Não basta disponibilizar os contactos do mediador ou de um Centro de Arbitragem e as condições gerais de venda (que raramente são lidas pelo consumidor) no sítio de internet da empresa para modificar o comportamento dos clientes insatisfeitos de hoje em dia. Embora essas sejam as premissas para que as empresas estejam dentro da legalidade, apenas esses aspetos não trarão confiança, nem ao sistema de mediação, nem à empresa.

A instalação de uma autoridade de regulação e o controlo dos mediadores previstos por lei, embora essenciais por garantirem a independência e o profissionalismo dos mediadores, não serão suficientes para que os clientes descontentes deixem de interpelar e de colocar em causa a marca, publicamente, nas redes sociais e passem a recorrer a um sistema de mediação. Além disso, sem a construção dessa confiança no sistema de mediação e nas empresas, as associações de consumidores continuarão a gerar contenciosos, que representam a enorme vantagem, para essas associações, de fazerem jurisprudência, ao contrário da mediação.

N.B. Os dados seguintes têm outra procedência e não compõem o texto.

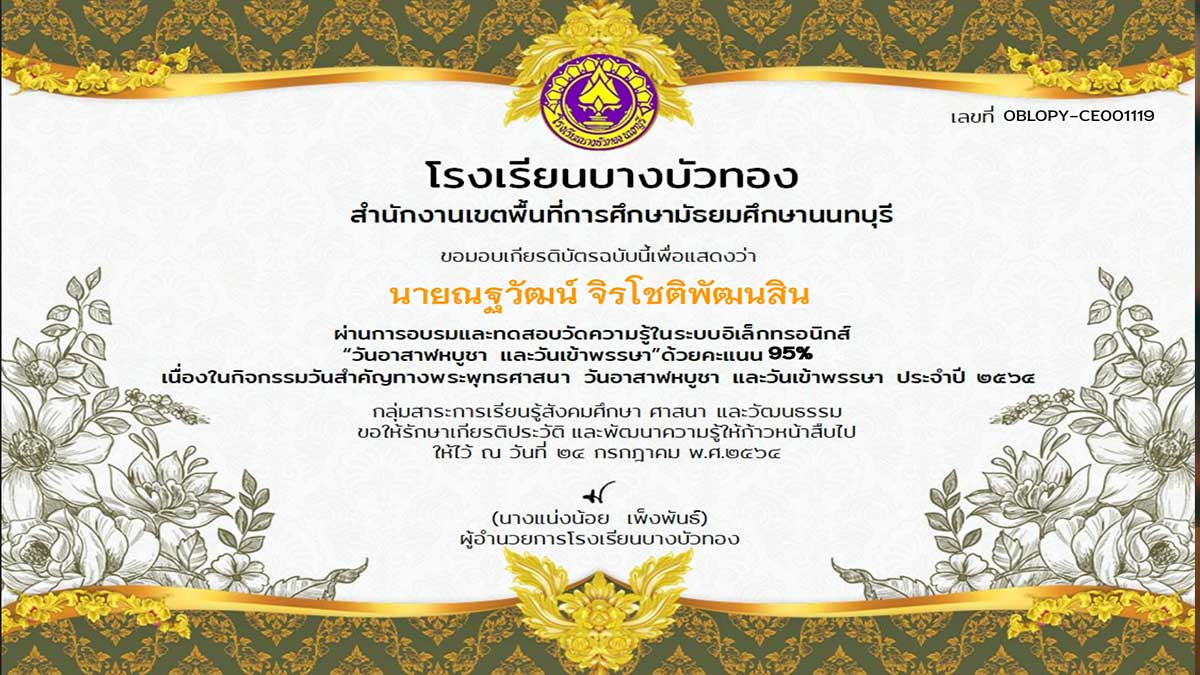 แบบทดสอบออนไลน์ เรื่อง วันอาสาฬหบูชาและวันเข้าพรรษา ผ่านเกณฑ์ 80% รับเกียรติบัตรทางอีเมล์ โดยกลุ่มสาระการเรียนรู้สังคมศึกษา ศาสนา และวัฒนธรรม โรงเรียนบางบัวทอง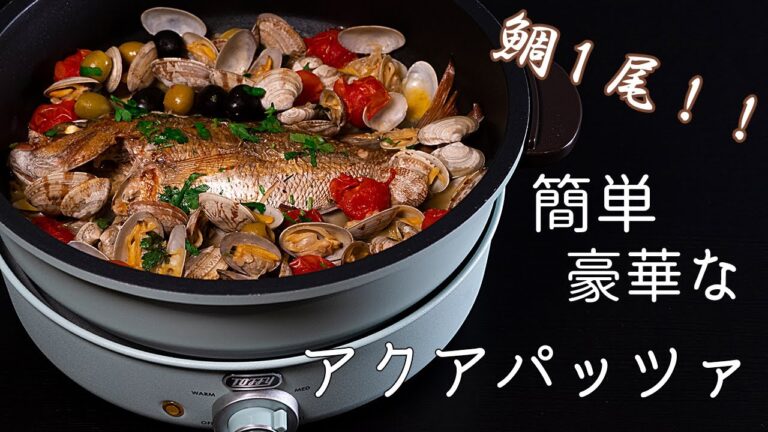 鯛を丸々1尾使ってアクアパッツア作ってみた【LADONNA Toffy】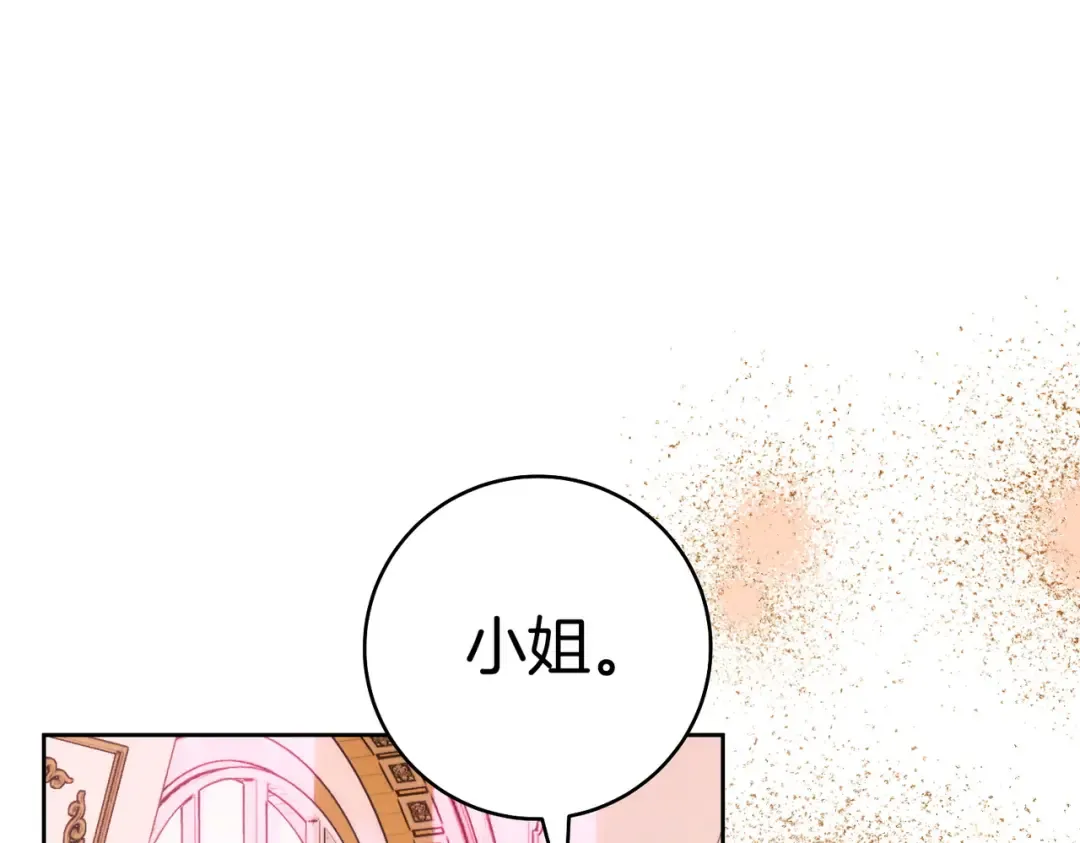 第43话 命定之人 第249页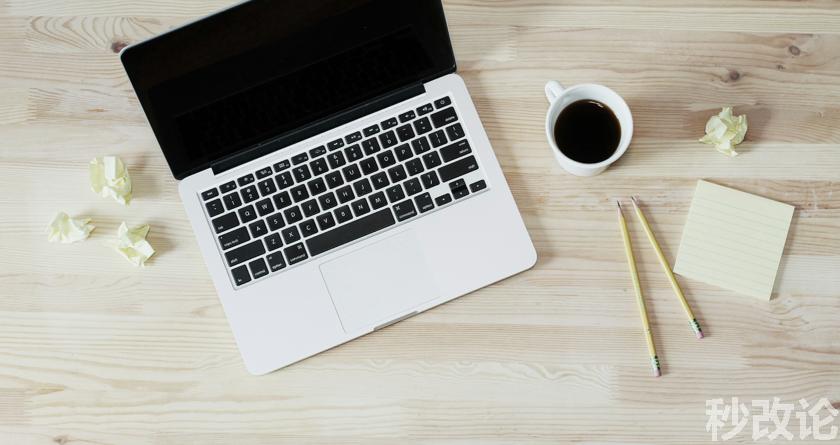 秒改论降AIGC，秒改论ai降重软件，秒改论智能降重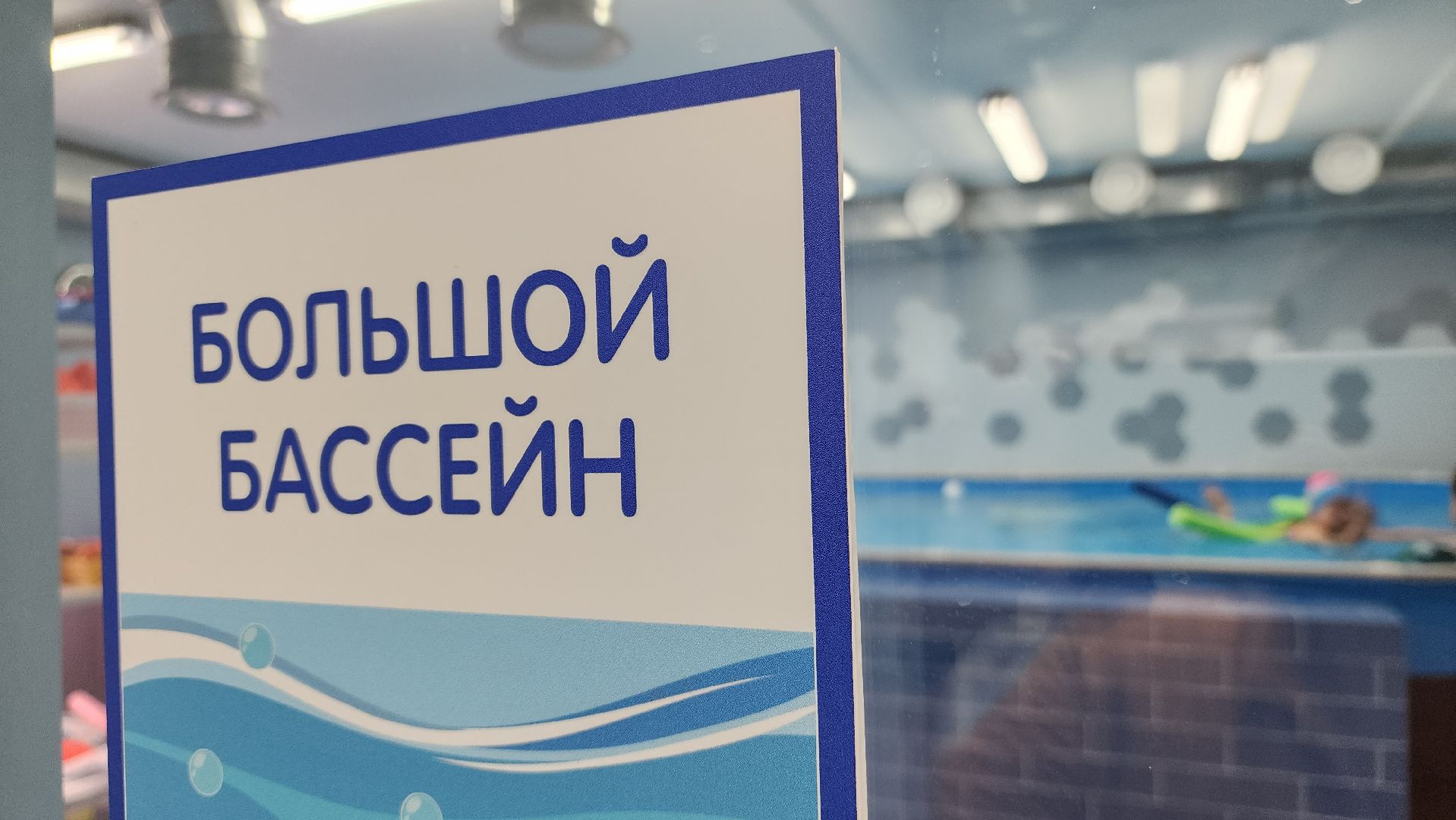 ступино, бизнес, субсидия государства, господдержка бизнеса подмосковья,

Deste modo, para que se atinjam os objetivos de confiança no sistema e de melhoria de relação com o cliente e para que seja benéfico para todas as partes, o processo de reclamação e de gestão de litígios deve ser acessível em linha , simples de utilizar, transparente e rápido. Esse será, sem dúvida, o seu principal fator de sucesso.

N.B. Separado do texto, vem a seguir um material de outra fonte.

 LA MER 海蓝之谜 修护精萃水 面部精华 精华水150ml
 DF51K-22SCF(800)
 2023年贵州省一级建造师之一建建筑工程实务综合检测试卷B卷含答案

A Maxcom foi a primeira empresa portuguesa a realizar a importância da iniciativa Youstice, fundada por Zbynek Loebl. Este jurista, especialista em internet e nomes de domínios, empresário e empreendedor, foi pioneiro mundial no regulamento de litígios de consumo em linha (RLLC). Como primeiro presidente da CZNIC em 1998, associação que se encarrega da gestão do domínio .cz (a equivalente checa à DNS português), ele constatou que, embora os litígios sobre os nomes de domínios fossem numerosos e tal se passasse no palco da internet, todas as reclamações eram ainda geridas através de recurso ao papel. Mais tarde, em 2005, à altura da chegada dos nomes de domínio europeu (.eu) ao mercado, Zbynek Loebl decidiu formar uma equipa internacional para resolver os litígios em linha. Esta equipa internacional construiu o primeiro sistema de RLLC da Europa, que entrou em funcionamento em inícios de 2006. Sendo uma ideia com “pés para andar” deu origem, em 2010, a um novo projeto que resultou na criação da Youstice em 2012.
Screenshot da interface de regulamento de litígios de consumo Youstice
Screenshot da interface de regulamento de litígios de consumo Youstice


A entrada em vigor de nova legislação na área da resolução alternativa de litígios de consumo demonstra o quão visionário foi Zbynek Loebl. A plataforma Youstice, já operacional, não só responde à necessidade de se dispor de um instrumento e de um processo de gestão em linha de reclamações e litígios, como acaba de ser reconhecida como estando em conformidade com as exigências legislativas da Diretiva RAL (2013/11/UE).
 
Por esta razão, o RLLC (Regulamento de Litígios de Consumo em Linha) deve ser objeto de atenção imediata. Além da organização das instituições de resolução alternativa de litígios (mediadores, centros de arbitragem gerais, setoriais, nacionais ou regionais) e da escolha da melhor opção para as necessidades da empresa, a reflexão deve estender-se à análise dos litígios passados, à identificação de boas práticas e à otimização dos processos de tratamento de reclamações. A operacionalização de uma solução de tratamento de reclamações e de resolução de litígios em linha terá, de imediato, um efeito estruturante neste processo.